Country: United States
Director: Lee Tamahori
TRASH CINEMA ESSENTIAL MOVIE
I think Once Were Warriors, which turned out to be director Lee Tamahori’s calling card to Hollywood, was conceived as a serious film. But the truth is, the extreme nature of the melodrama and fight choreography peg it as trash cinema, which is not to put it down in the least.
The Maoris of New Zealand, like the American Indians of North America, have been marginalized in their own country. Their culture has been rendered irrelevant by the British invaders. They now live in squalor. The men, who once were warriors, respond to their emasculation by either becoming drunks or directing their impotent rage at those around them, most tragically their families. The kids become gangbangers, stealing car radios, and practice rapping or snogging at a tragically young age.

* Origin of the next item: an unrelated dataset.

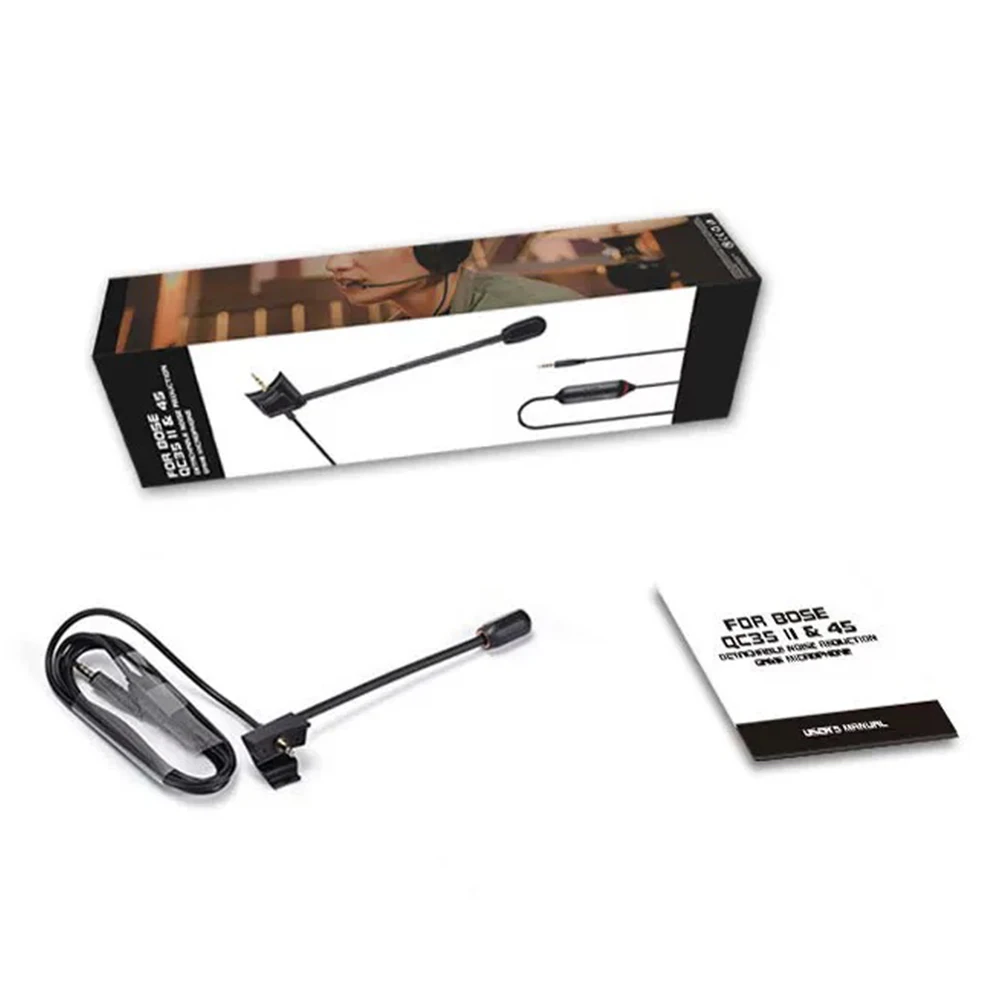 교체용 게임 마이크, 분리형 게이밍 붐 마이크, 노이즈 캔슬링 케이블, QC35, QC45 용, 3.5mm 플러그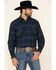 Rough Stock By Panhandle Men's Larkspur Ombre Plaid Long Sleeve Western Shirt , Black, hi-res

Director Lee Tamahori brilliantly captures the theme of Once Were Warriors from the first shot, which starts from a closeup on a billboard depicting the pristine countryside of New Zealand, panning to the highway and squalor next to it.
Once you get over the shock of hearing a New Zealand English accent coming out of the mouths of the Maoris, you notice how incredible the acting is. As Jake, the patriarch of the Heke family, Temuera Morrison exudes brooding charisma and physicality. Rena Owen slips into the character of his hard-bitten wife Beth like a second skin. Cliff Curtis is fantastic as the family friend whose actions push Once Were Warriors into the realm of Shakespearian tragedy. Curtis has justifiably since become a major Hollywood character actor.
But best of all is the screenplay by Riwia Brown and the direction by Lee Tamahori, which are incredibly vivid. They capture the passion and the physicality of these people, and the sweaty squalor of their surroundings.
One thing I’ve gotta mention: the fight choreography is just harrowing, especially the domestic abuse.
Once Were Warriors is the best illustration I’ve seen of how colonialism and the marginalization of a vital indigenous society are the roots of a more or less permanent underclass that eats it’s own young, but the Once Were Warriors is not a dry social tract — it’s message is delivered in unforgettably personal and visceral terms. I defy anyone not to be moved by Once Were Warriors.